2. Make anyone who illegally transfers a handgun to another person civilly liable for any damage caused by that handgun.

3. Deny handguns to spouse abusers and those who have committed violent misdemeanors.

4. Ban the sale of assault rifles.

5. Ban the sale of gun magazines that hold more than 10 bullets.

6. Limit the number of handgun purchases per month or per year.

MAHA did its job over the last 15 months and the results are now in. And the news is so good, Vinny DeMarco, MAHA's executive director, could barely contain his excitement.

"We're close to having an absolute majority in both the Senate and the House in Annapolis," he said. "And when the general election is over, I think we will have that majority."

To get a majority of the Senate, you need 24 senators out of 47.

"And we now have 23 Senate districts with pro-gun control candidates where victory is virtually assured in November," DeMarco said. "And in the 12th District, where the Democrats have a 2-1 majority, the odds are very strong for a victory. In another seven districts, the odds of electing a pro-gun control candidate range from very likely to possible."

To get a majority of the House, you need 71 delegates out of 141.

"We have at least 68 pro-gun control votes assured and the zTC possibility of winning 26 more in November," DeMarco said. "I am absolutely confident we will get the 71 we need for a majority in the House, and in all likelihood we will get more than that."

But did a candidate's gun control stance really make a difference in this week's primary election?

Well, take a look at the 12th Senate District.

There, Edward J. Kasemeyer staked out gun control as the issue that would distinguish him from the other Democrats in the race.

"The difference in this election is very clear," Kasemeyer announced in August. "It's sort of a referendum to determine the feelings of people on gun control and to curtail the violence in our society."

Kasemeyer supported MAHA's comprehensive gun control bill, and last weekend Sarah Brady, chairwoman of Handgun Control Inc., campaigned in the district for him.

Incumbent Democrat Sen.
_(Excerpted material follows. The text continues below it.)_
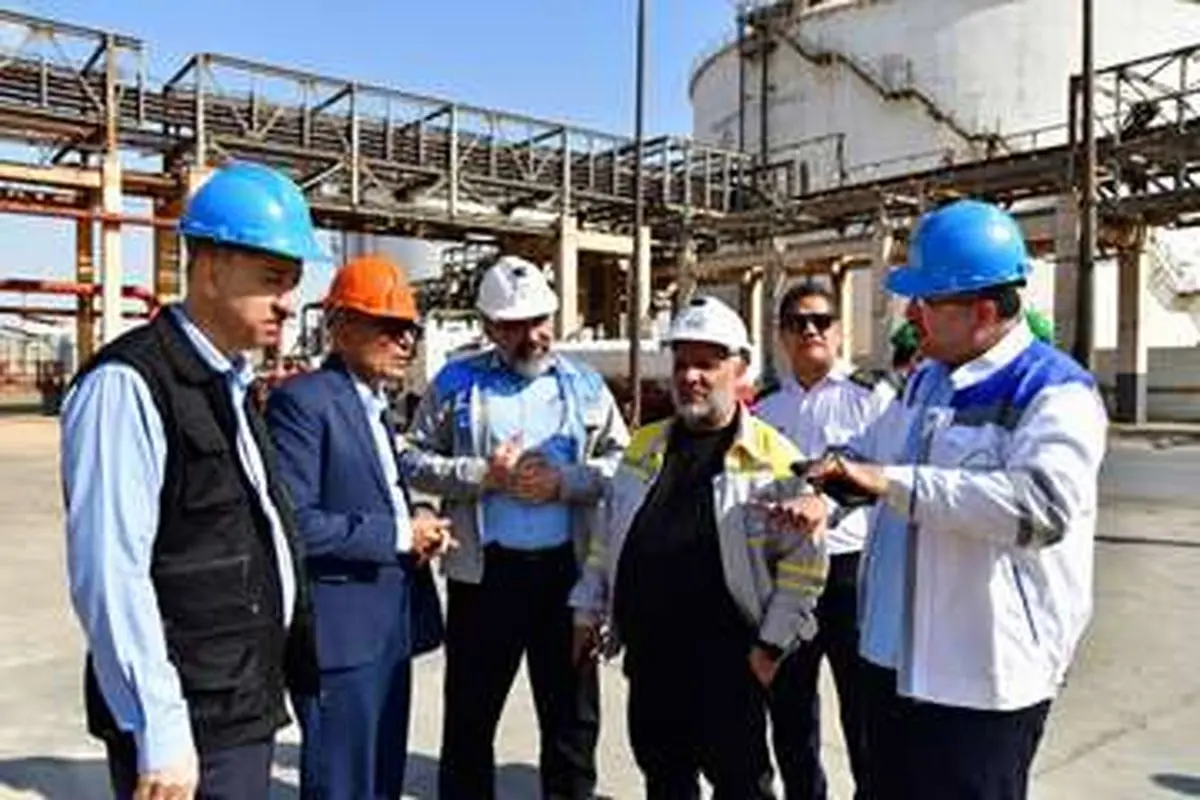 بازدید هیات‌مدیره پتروشیمی اروند از طرح‌های توسعه‌ای و پروژه‌های بهبود عملکرد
Nancy L. Murphy, on the other hand, received $4,000 from the National Rifle Association Political Victory Fund. "Gun control has little effect on crime," Murphy said.

On Tuesday, the people spoke. And Kasemeyer won, beating Murphy by 6 percentage points.

"It's happening," DeMarco told me. "In that piece you did last year, we said we wanted people to vote for gun control candidates. And now they are. It's really happening. And now we can enact our legislation in 1995."

The defeat of Senator Murphy was especially important to MAHA, since she served on the Judicial Proceedings Committee, the burial ground of many gun control bills.

"We want the new Senate and House committees that are formed next year to reflect the gun control majorities that will be elected to the General Assembly," DeMarco said. "We would expect to have a majority of the Judicial Proceedings Committee in the Senate and of the Judiciary Committee in the House."

DeMarco does not take credit for the gun-control victories in the primary. He credits the profound effect that gun violence is having on our society.

"People are getting sick of the violence and sick of the gun lobby's power," DeMarco said. "People want sensible, strong laws and they realize they aren't going to get them unless they vote for pro-gun control candidates.

"Study after study shows that when you reduce the proliferation of handguns, you reduce murder, suicide and accidental death, and that is our aim. Our comprehensive bill is not an overnight cure. It's a minimum of what the people of this state need."